**Instructions to follow:**
Restate word for word the section of the entries that opens at the line containing "Logo saluran telegram" and closes at the line containing "Macpac Hemisphere Four Person Alpine Tent", both lines kept, pictures dropped.

**Extracted data:**

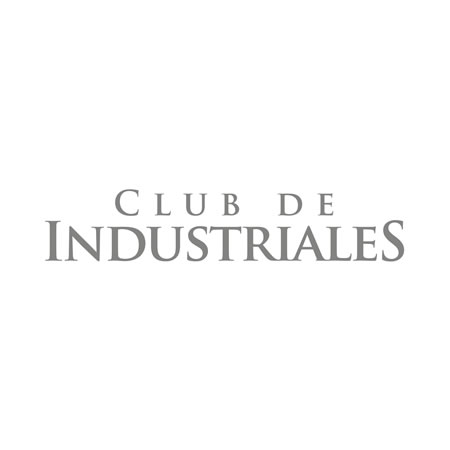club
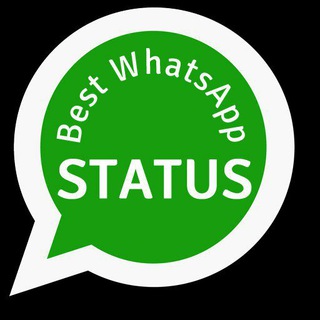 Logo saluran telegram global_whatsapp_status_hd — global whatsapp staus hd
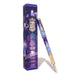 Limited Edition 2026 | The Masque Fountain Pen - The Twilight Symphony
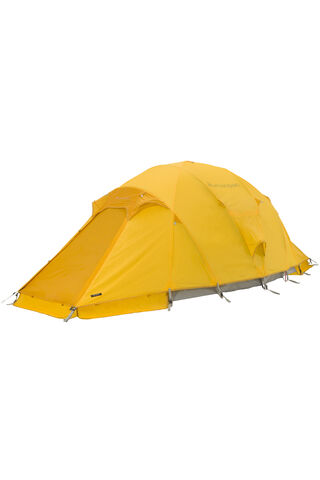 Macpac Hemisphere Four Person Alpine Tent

--

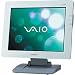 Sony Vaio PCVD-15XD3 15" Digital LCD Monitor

**Exercise answer:**
 Logo saluran telegram global_whatsapp_status_hd — global whatsapp staus hd
 Limited Edition 2026 | The Masque Fountain Pen - The Twilight Symphony
 Macpac Hemisphere Four Person Alpine Tent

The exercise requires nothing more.